In an event held on Sunday, teachers, students and historians of Hangzhou recounted the heroic deeds of Edward H Clayton, who after the city's fall in 1937 established a refugee camp at the city's Wayland Academy, a school he founded, to provide shelter to more than 10,000 women and 2,000 orphans over the next four years.
"As Japan hadn't declared war against the United States and Britain at the time Japanese troops captured Hangzhou, sites run by Americans and the British became temporary safe havens for refugees and injured soldiers," said Zhou Donghua, a historian at Hangzhou Normal University.
In 1944, Clayton published a memoir titled "Heaven Below," recollecting his 30 years in Hangzhou, capital of Zhejiang province, including life after the city's fall.
Shen Hong, a professor at Zhejiang University, came upon the book in 2007 and Clayton's stories became better known to Hangzhou residents.

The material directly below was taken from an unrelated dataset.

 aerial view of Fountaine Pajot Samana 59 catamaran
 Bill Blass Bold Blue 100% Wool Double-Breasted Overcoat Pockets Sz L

They hailed him as the "Oskar Schindler of Hangzhou," after the German industrialist who helped save the lives of more than a thousand Jews during the Holocaust.
Teachers at Hangzhou No 2 High School, a successor to Wayland, have started translating "Heaven Below" into Chinese in hopes of keeping the memories alive.
In a visit to Vanderbilt University, Clayton's alma mater, Shen found among the archives two long letters Clayton sent home during WWII. They detailed the atrocities the Japanese had committed as well as the difficulties the missionary endured to keep the refugees safe.
"From Clayton's letters, we know that he and his wife could have left China after the war broke out, but they chose to stay and offer humanitarian aid to women and children at the risk of their own lives," said Shen. "This heroic deed should be remembered by generations to come."